Diriku tertawa getir, merasa ada bagian dari perasaanku yang dia mengerti. "Pak, di antara semua hal di dunia ini, kadang kebebasan itu yang paling merisaukan dan sekaligus paling berharga. Kami tahu risikonya, tapi bagi sebagian orang di sini, hidup yang penuh ketidakpastian lebih baik daripada hidup terkurung tanpa harapan."
Pak Budi mengangguk, tampak merenung. "Kalau begitu, kenapa kamu tidak mencoba kabur, Sarah? Kalau kebebasan itu begitu penting?"
Ku terdiam sejenak, mempertimbangkan jawabanku. "Karena aku ingin pulang dengan cara yang benar, Pak. Aku ingin berdamai dengan masa laluku, ingin bertanggung jawab atas apa yang terjadi. Aku tidak ingin kabur dari kenyataan. Aku ingin menghadapi semuanya sampai akhir."
Pak Budi menghela napas, seolah-olah memahami beban yang kupikul. "Kau lebih kuat daripada yang kau kira, Sarah. Tak banyak orang yang sanggup bertahan di sini tanpa kehilangan dirinya. Apa yang kalian alami bukan cuma tentang fisik yang terkurung, tapi juga hati yang terluka. Kadang, aku sendiri yang di luar pagar ini, juga merasa seperti napi."
Aku terkejut mendengar ucapannya. "Bagaimana bisa, Pak?"
"Setiap kali aku datang ke sini, menghabiskan waktu berbulan-bulan jauh dari keluarga, terisolasi dari kehidupan sosial, rasanya seperti aku juga ikut terpenjara. Hidup di sini, menjaga kalian, tidak mudah. Bedanya, aku tahu bahwa aku bisa keluar setiap kali waktunya cuti datang." Pak Budi tersenyum tipis, namun ada guratan lelah di wajahnya.
Diriku menatapnya, merasa ada ikatan tak kasatmata antara kami. "Mungkin, Pak, penjara itu tidak hanya soal dinding dan pagar besi. Setiap orang, termasuk bapak, mungkin punya 'penjara'-nya sendiri yang tak terlihat."
Pak Budi mengangguk. "Kamu benar, Sarah. Setiap orang punya belenggu masing-masing. Untuk sebagian dari kalian, penjaranya nyata, seperti pulau ini. Untuk yang lain, mungkin berupa tanggung jawab atau ketakutan yang tidak terlihat. Tapi setiap hari, kita semua berjuang untuk bebas dari sesuatu."

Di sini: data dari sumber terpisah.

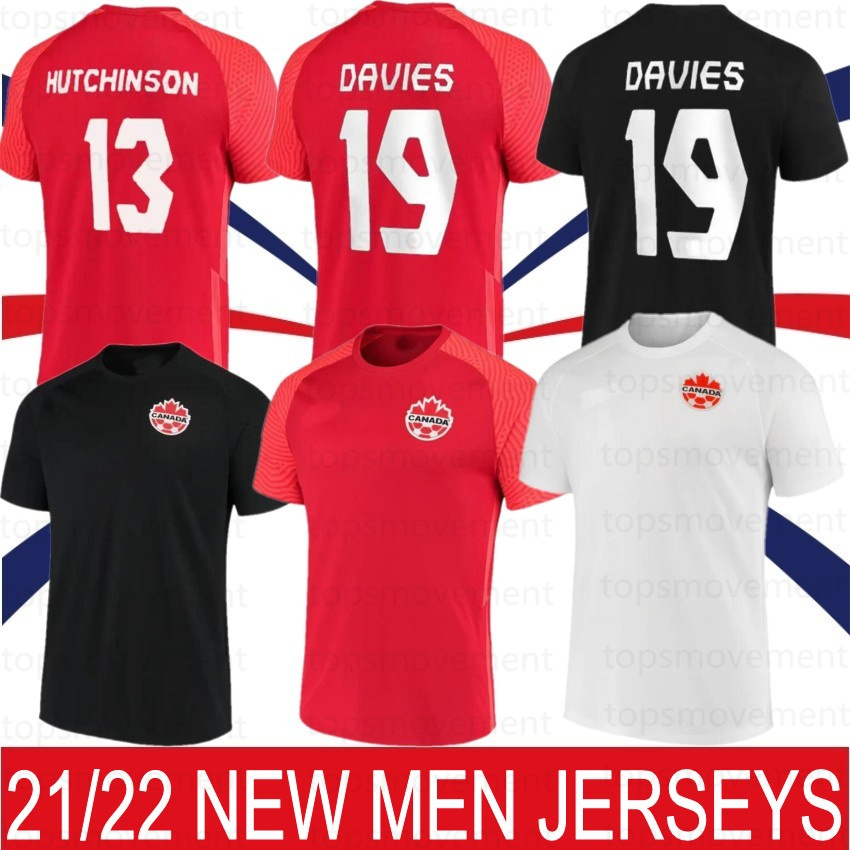 21 22 Canada Soccer Jerseys DAVIES National Team Home Away White Red Third Black 2021 2022 Latest J.DAVID LARIN CAVALLINI LARYEA MILLAR HOILETT Football Shirts Men, 21/22 men jianada
21 22 Canada Soccer Jerseys DAVIES National Team Home Away White Red Third Black 2021 2022 Latest J.DAVID LARIN CAVALLINI LARYEA MILLAR HOILETT Football Shirts Men, 21/22 men jianada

Diriku tersenyum kecil, untuk pertama kalinya merasakan simpati yang tulus pada para petugas. Di balik sikap tegas mereka, ada hati yang juga lelah dan terjebak dalam rutinitas yang sama. Di sore itu, di tengah percakapan sederhana kami, aku merasakan sekelumit kehangatan dan pemahaman yang meredakan sedikit kekosongan dalam hati.
Mimpi perubahan dan hal baru menanti di depanku, tetapi bayangan masa lalu masih menghantui pikiranku. "What if they don't believe me?" tanyaku dalam ketakutan. Kembali ke kehidupan di luar dengan stigma terpidana seumur hidup adalah hal yang menakutkan, namun aku harus optimis. "I have to keep fighting for my freedom," aku membisikkan motivasi pada diri sendiri.
Di tengah perjalanan ini, aku tahu bahwa meskipun masa laluku kelam, ku telah belajar bertahan hidup. "These skills will help me," kataku, meyakinkan diri. Keterampilan yang kumiliki akan membawaku ke jalan baru, dan harapan akan masa depan yang lebih baik masih membara di dalam hatiku. Sekarang, saatnya untuk menatap ke depan dan memperjuangkan keadilan yang seharusnya kuterima.